# My Sulcata's are breeding



## Some-Guy (Oct 18, 2014)

I have two Sulcata's, only six years old and the last month they have been breeding. They're both pretty good size for only being six years old but isn't that too young for her to lay eggs?


----------



## wellington (Oct 18, 2014)

Not sure if they are too young or not, I think it is though. However, I think you should seperate them, he may try breeding her to death if there are only the two. Pairs dont do go good together in most species.


----------



## G-stars (Oct 18, 2014)

Agreed sometimes mounting is a sign of domination. 


— Gus


----------



## russian/sulcata/tortoise (Oct 18, 2014)

for torts its size that indicates when they can breed. also wellington is right you should never keep 2 sulcatas together.


----------



## Yellow Turtle01 (Oct 18, 2014)

russian/sulcata/tortoise said:


> for torts its size that indicates when they can breed. also wellington is right you should never keep 2 sulcatas together.


It really depends on the malevsfemal ratio, more females=less stress on one. And, of course, the yard size


----------



## Yellow Turtle01 (Oct 18, 2014)

Yes, she might get very stressed out! Male torts can get very harassing. 
Also, even if the eggs aren't fertile (let's take a looksee at if they were) Sulcata's lay A LOT of eggs. You could expect 30+ babies running around in a few months... there is also a pretty big crisis with 'captive' sulcata's right now, no one wants them when they get big, so they are way too many looking for homes right now. In a few years, your little babes might end back up on the market because someone didn't do the research


----------



## Yvonne G (Oct 18, 2014)

You may not even have a male and a female. When two tortoises are kept together you always have a dominant and a submissive. Tortoises are territorial and they don't want other tortoises in their territory. Besides fighting and turning each other over, mounting is part of the dominance show.
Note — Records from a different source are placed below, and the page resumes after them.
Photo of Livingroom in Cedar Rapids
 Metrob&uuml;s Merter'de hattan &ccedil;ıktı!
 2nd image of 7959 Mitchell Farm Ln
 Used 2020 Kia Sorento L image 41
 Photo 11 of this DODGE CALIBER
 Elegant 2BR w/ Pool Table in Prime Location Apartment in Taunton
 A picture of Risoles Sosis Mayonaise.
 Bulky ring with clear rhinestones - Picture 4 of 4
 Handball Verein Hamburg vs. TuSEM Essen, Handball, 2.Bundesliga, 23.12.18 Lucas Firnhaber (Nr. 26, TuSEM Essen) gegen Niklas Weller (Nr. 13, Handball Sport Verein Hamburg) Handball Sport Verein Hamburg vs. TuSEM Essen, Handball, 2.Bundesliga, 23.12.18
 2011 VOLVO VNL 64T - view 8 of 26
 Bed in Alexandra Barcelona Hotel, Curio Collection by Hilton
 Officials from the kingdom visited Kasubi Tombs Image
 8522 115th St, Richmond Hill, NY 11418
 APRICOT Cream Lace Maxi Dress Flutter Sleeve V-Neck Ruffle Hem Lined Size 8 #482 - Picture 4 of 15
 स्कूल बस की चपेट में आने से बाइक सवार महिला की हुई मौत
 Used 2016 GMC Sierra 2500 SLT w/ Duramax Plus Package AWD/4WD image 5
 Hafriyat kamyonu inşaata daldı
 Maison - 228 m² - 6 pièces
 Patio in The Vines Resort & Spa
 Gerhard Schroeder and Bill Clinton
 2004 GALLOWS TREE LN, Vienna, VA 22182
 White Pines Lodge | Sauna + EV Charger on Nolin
If you DO have a female, she might not be big enough to pass eggs and may become egg bound. 

It's really not a good idea to keep two in the same yard.


----------



## Some-Guy (Oct 18, 2014)

Thanks for all the advice, I didn't even know they were male and female, they were both babies when I got them, they sure grew fast in six years! if she is going to lay eggs I will have to build another pen for her, they are currently together but no place for her to dig, the bottom is paved, it's a pretty large pen surrounded by cinder blocks and a house for them to go into.


----------



## Yvonne G (Oct 18, 2014)

Wow! You've done a real nice job raising them up. They look beautiful! If you'll turn them over and take a picture of their undersides including the tail, we can tell you if you have males or females or one of each.


----------



## Tom (Oct 18, 2014)

They should not be living as a pair. It is pretty unusual that you have not had more problems before now, so you've been lucky.

Males can reproduce at 14" and this can happen in as little as two years in some cases. Females can reproduce typically at 17-18", but on rare occasion 15". THis can happen as early as 3-4 years. I have a 19" 4 year old female right now.

Where are you, Some Guy?

Welcome to the forum!


----------



## Some-Guy (Oct 18, 2014)

Thanks! they were raised in Florida and I recently moved to Laguna HIlls CA, I'll try to get a couple of pictures later today. I haven't weighed them but they are both much heavier then a cinder block, currently they are going through a 25lb bag of Mazuri tortoise food every 4 months, plus thats not all they eat!


----------



## Some-Guy (Oct 18, 2014)

I managed to get a photo of the one I believe is female, there is no doubt the other one is male because that's the ugliest penis I've ever seen


----------



## Tom (Oct 18, 2014)

Yep. You've got a female there.

I forgot to mention that its not a good idea to house them on concrete or pavement either. Its much too hard and abrasive and over time it will wear through their feet and damage their plastrons. We've seen the bloody worn feet here many times. As they age and get heavier, it gets worse.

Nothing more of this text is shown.